And then you ended up actually building those tools for other people to use and have since
built one of the fastest-growing biggest real-time communication platforms in the world, which is
sort of insane to think about the scale of Discord. But when you play forward from that moment in
2015 when Discord came out and today, how has the community on Discord helped shape the road
map, the people actually using the infrastructure, whether those are users or developers?
Our community, our user base, has been part of the conversation of what we're making from
the first day. When we started talking about building Discord, of course, we played a lot of
multiplayer games ourselves, so we had a good sense for what the product should be and how it
should work. But as anyone who is building a startup knows are building products, we're building
products and service of other people. And so we immediately from the beginning started talking to our
friends and their friends when we showed it to them even just mockups like what parts got them
excited which parts seem confusing and very quickly once we got a prototype off the ground we
started giving it to our friends and having them try it and seeing what they liked and what they
didn't like and oh crap we had to rebuild the voice tech three times and we missed an important
set of features that we thought maybe was not important but turns out it was and so that was kind
of part of the ethos for how we built from the beginning and then over the years we've continued
to build products that way in a sense that we always try to come back to what are we hearing from
our customers, from our users, and the different types of people who use our products, and then how do we
kind of mux that with what are we excited to build for ourselves, and then of course, what do we think
will be great for us as a business because we are our company? So along the way, there have been
many, many, many moments when large shifts have happened in our roadmap because of customers.
So I'll give you an example.
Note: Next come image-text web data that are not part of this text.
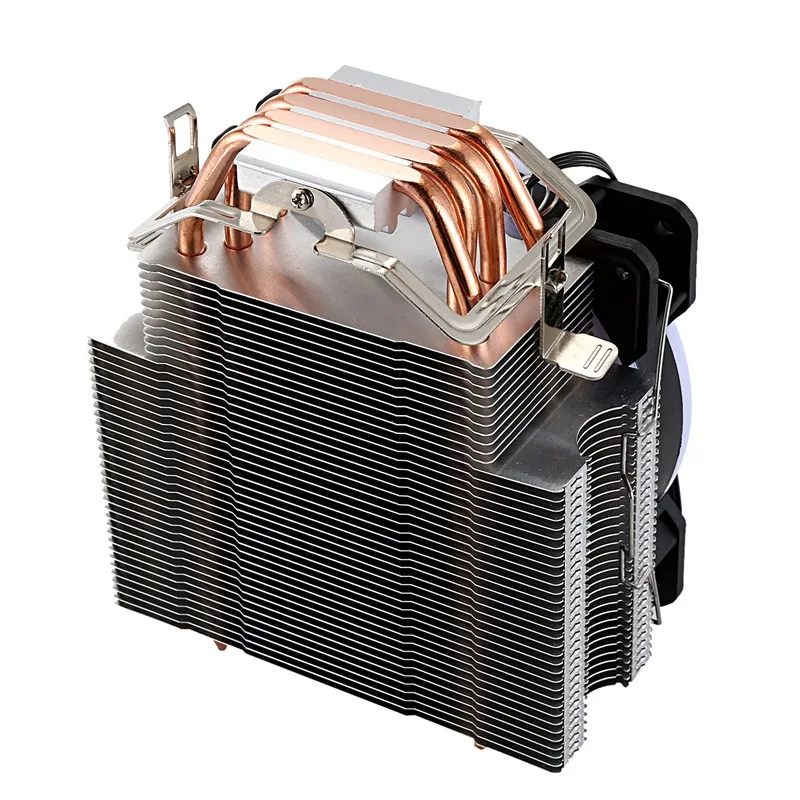 12 см кулер для процессора без вентилятора 4 теплоотвода Intel 775/1150/1155/1156/1366 AMD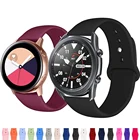 Ремешок 20 мм22 мм для Huawei wtach GT 22epro, силиконовый ремешок для Samsung Gear S3sport, Galaxy watch 3 45 мм46 мм42 ммActive 2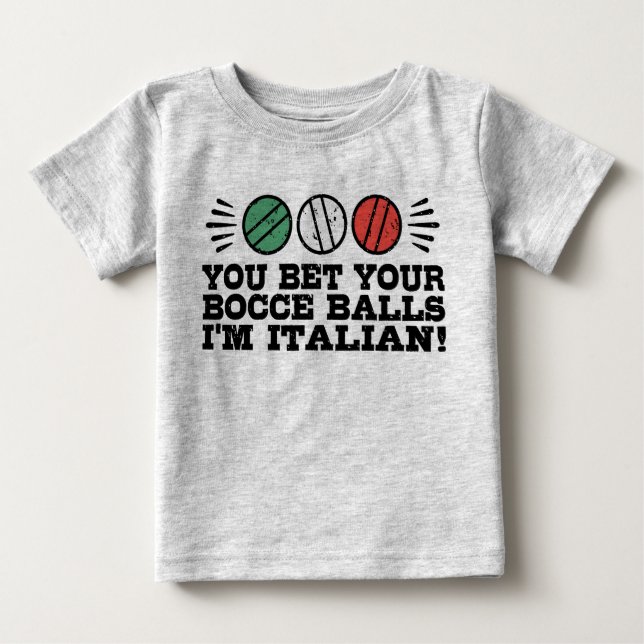 Camiseta Para Bebê Funny Bocce Ball (Frente)
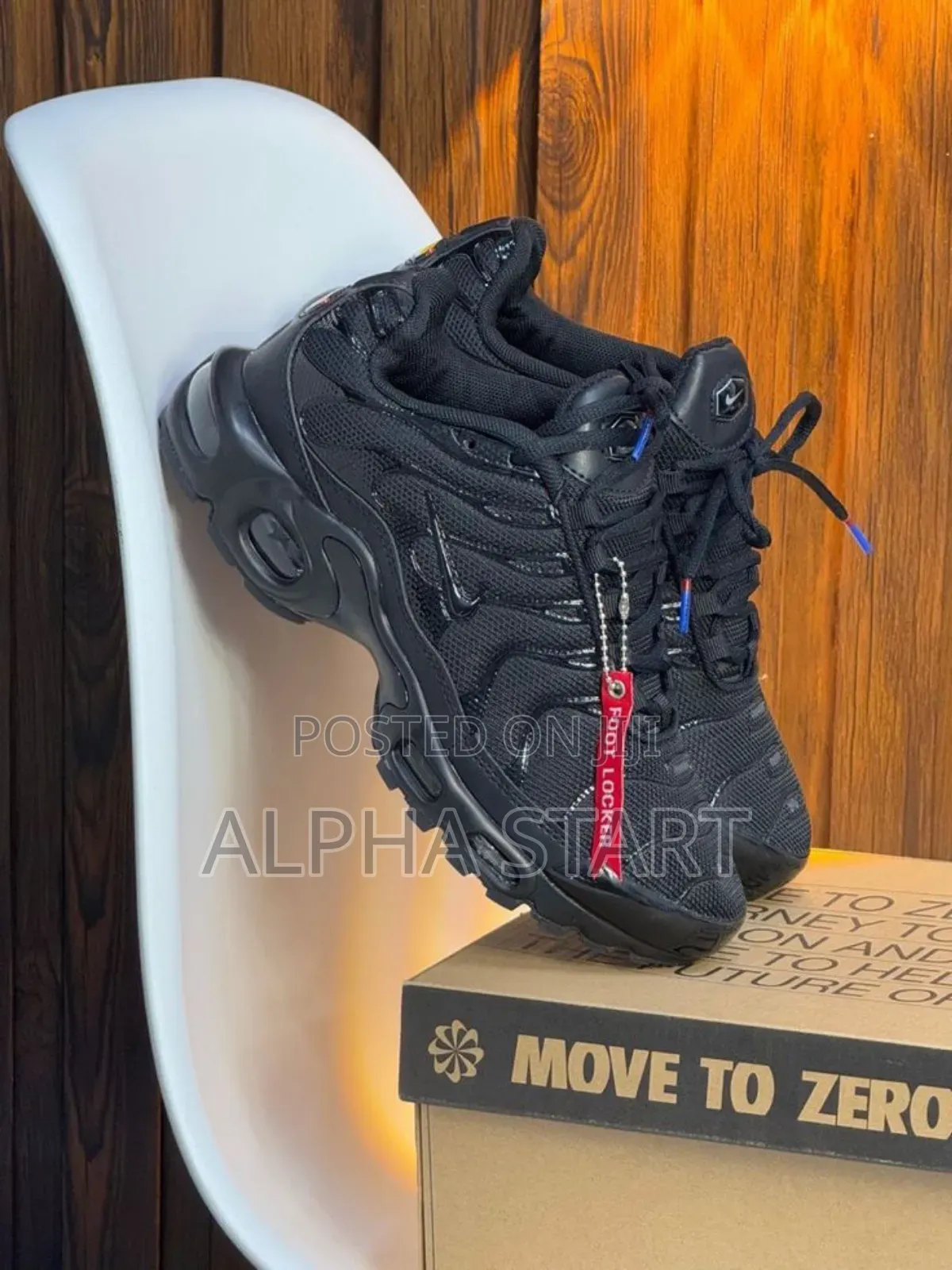 Nike Tn Full Black High Master Quality Smooth Sneakers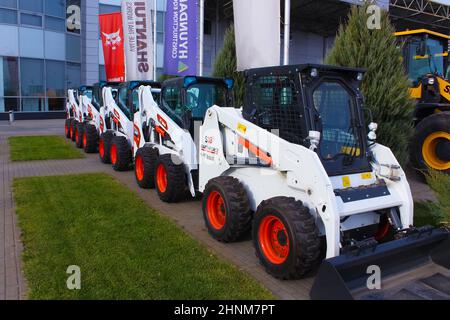 Bobcat su area di costruzione Foto Stock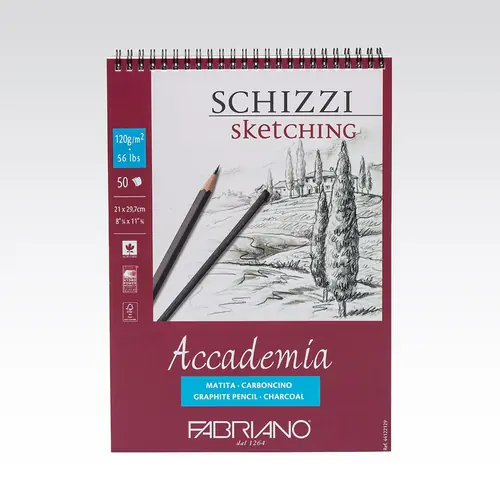 Blok Fabriano accademia A4 120g 50L spiralni 44122129-0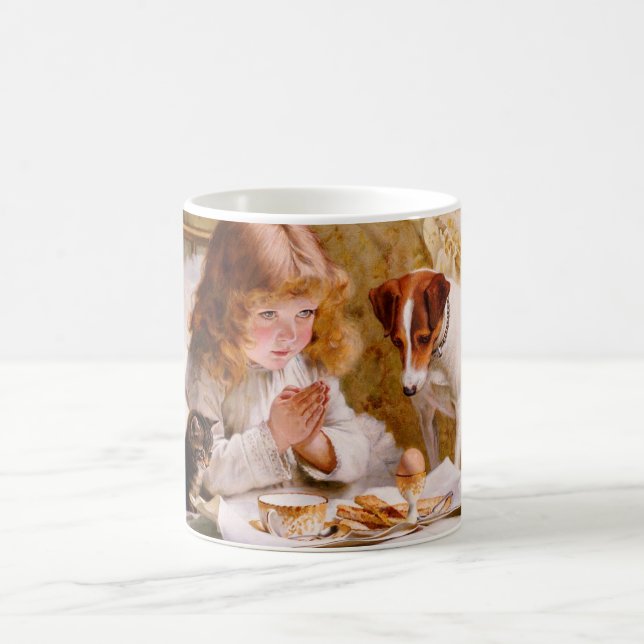 Suspense by Charles Burton Barber Kaffeetasse (Mittel)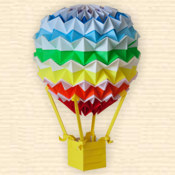 Magic Hot Air Balloon (14-piece zebra envelope)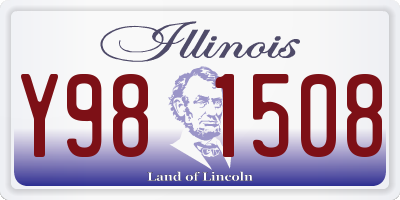 IL license plate Y981508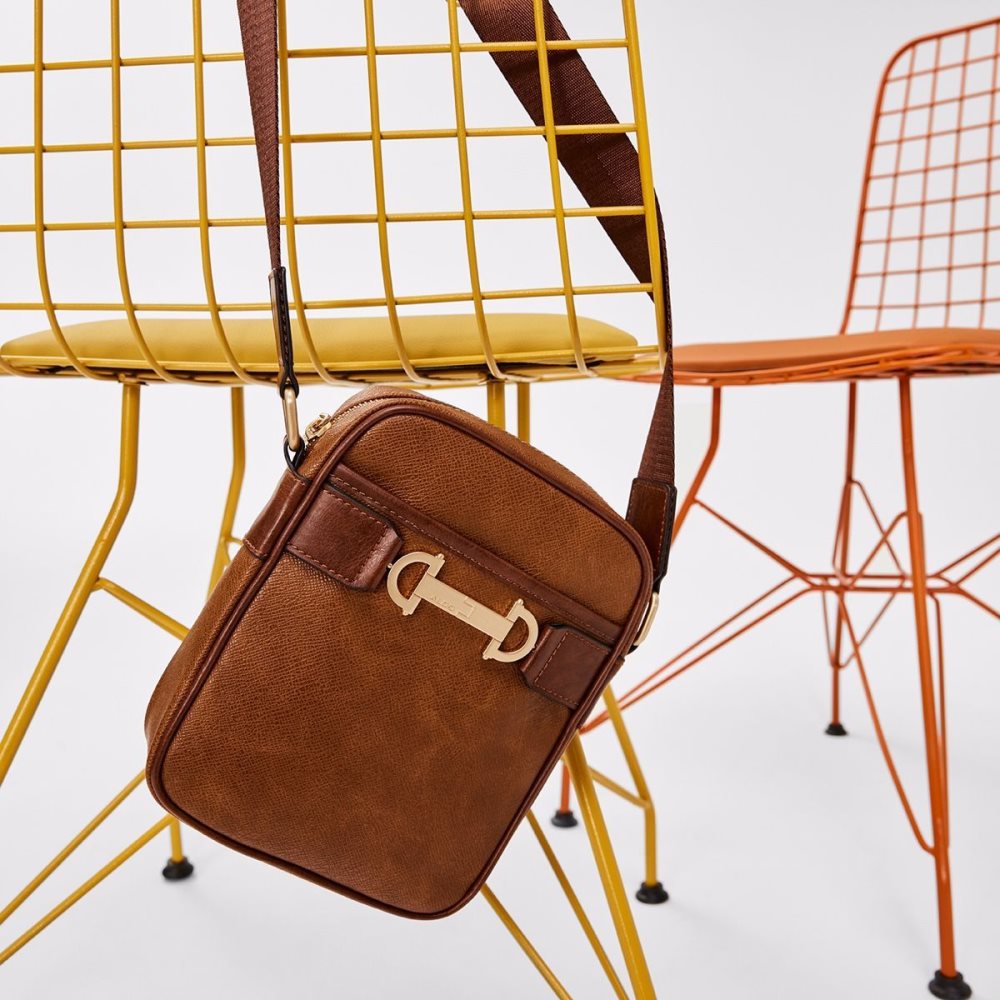 Férfi Aldo Etude Crossbody bag Táskák Barna | 532-BKJRXQ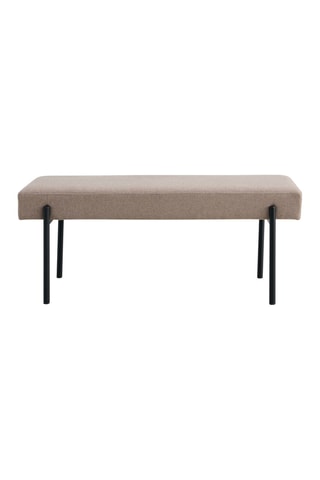 Banc Swindon - Beige - En tissu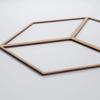 Ekena Millwork WALW24X24X0375PBLBI Pueblo 3/8"T Decorative Fretwork Wall Panels, 23 3/8"W X 23 3/8"H, Birch view 4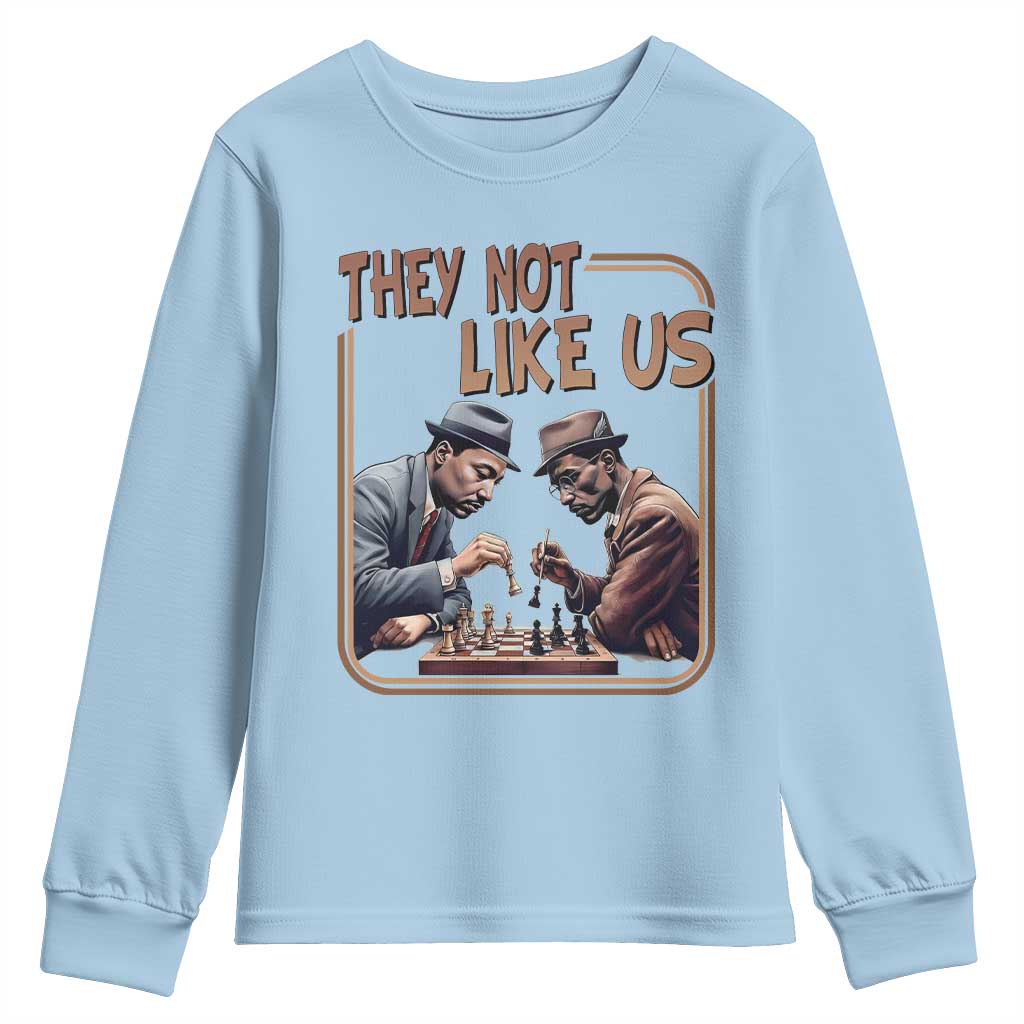 MLK And Malcolm X Youth Sweatshirt They Not Like Us Revolutionary Leaders - Wonder Print Shop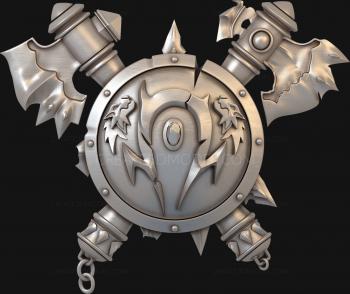 Coat of arms (GR_0293) 3D model for CNC machine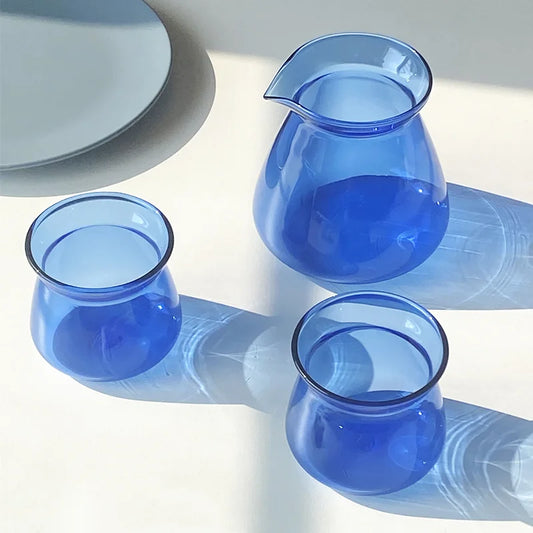 Borosilicate Glass PremiumCrafted Drip Coffee Server delivers heat-resistant, hand-brewed flavor in a blue-gray design; brew confidently, buy yours today.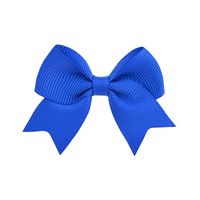 Nihaojewelry Simple Pure Color Children's Bow Hairpin Wholesale Jewelry sku image 7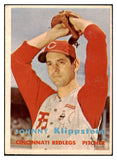 1957 Topps Baseball #296 Johnny Klippstein Reds EX 508189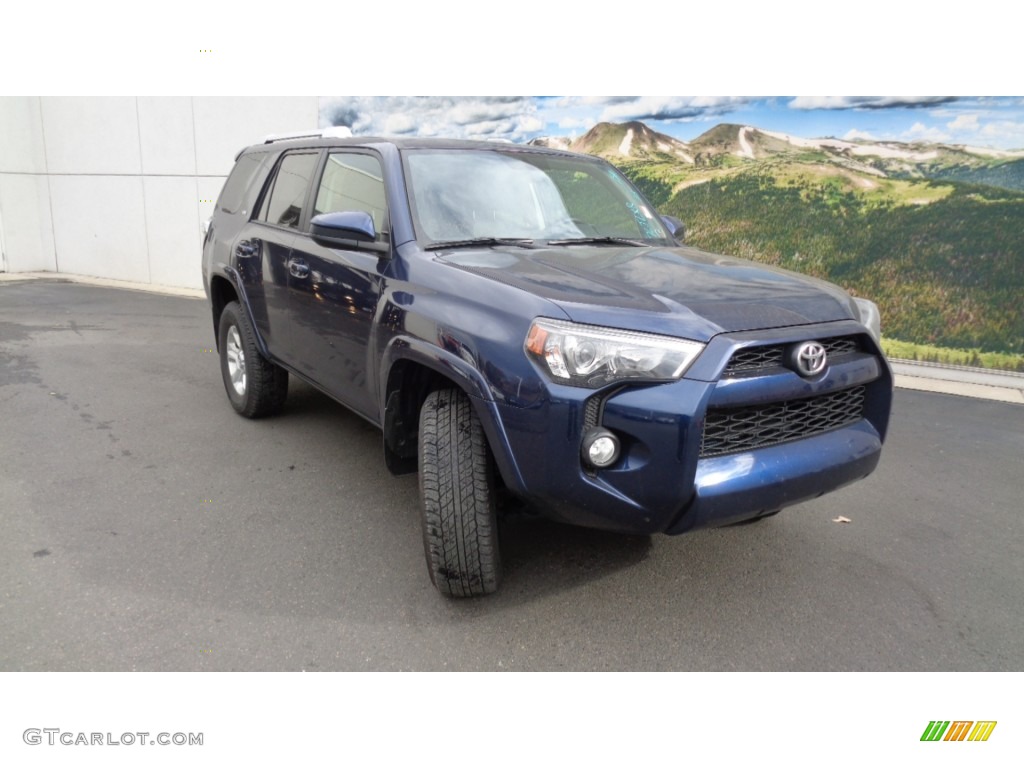 2015 4Runner SR5 4x4 - Nautical Blue Metallic / Black photo #1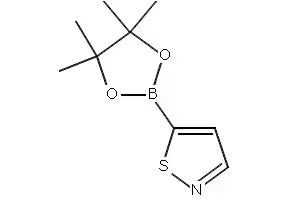 Isothiazole,5-(4,4,5,5-tetramethyl-1,3,2-dioxaborolan-2-yl)- structure, CAS 1045809-78-6
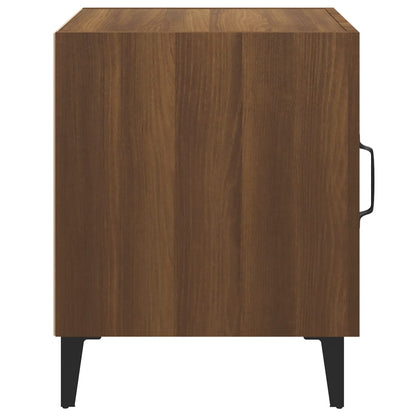 Mesa de cabeceira derivados de madeira carvalho castanho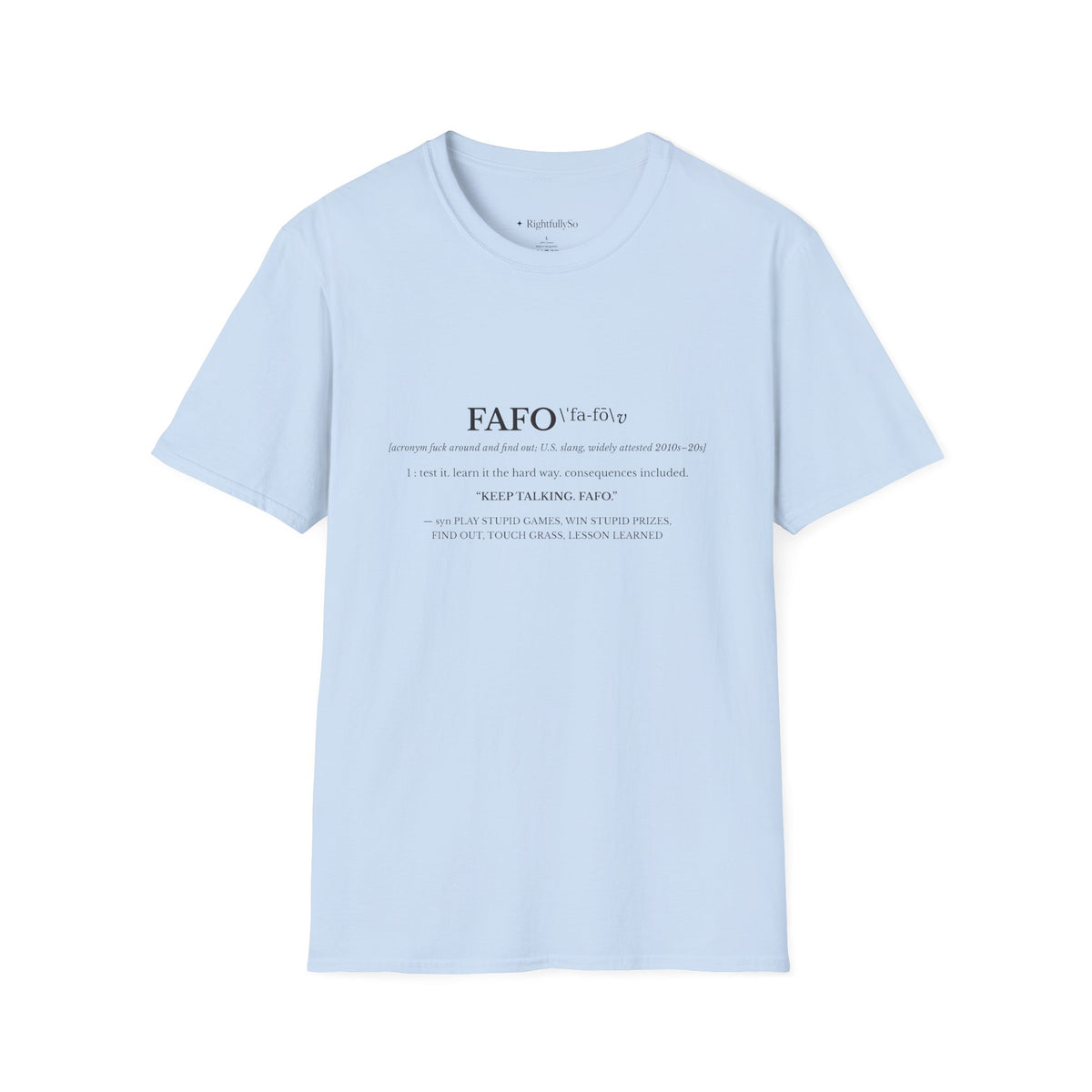 Light Blue tee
Initially, when we built Discord, it was very focused on being
a voice and text chat app for guilds,
people who play games in groups of like 15 people.
And actually, the max group size on Discord,
I think was like 30 people, maybe 50s.
It was pretty low.
And we realized pretty quickly from talking to people
that they wanted to use Discord as almost like an IRC,
like internet relay chat kind of public chat room replacement.
And in that context, what we saw was people
were filling their servers up with 50 people.
And then they were like, I can't add more people.
What's going on?
It's like, oh, crap.
We've got to make this work for folks.
So we invested in raising the cap and adding more infrastructure to support that.
And then developers started building moderation bots
and extending these Discord servers with other capabilities
that we never even imagined that was made possible
because we had an open kind of API powering the platform.
So along the way, many of these things happened,
like these communities got big.
Generative AI became a big thing on Discord.
The crypto community was pretty big for a season on Discord.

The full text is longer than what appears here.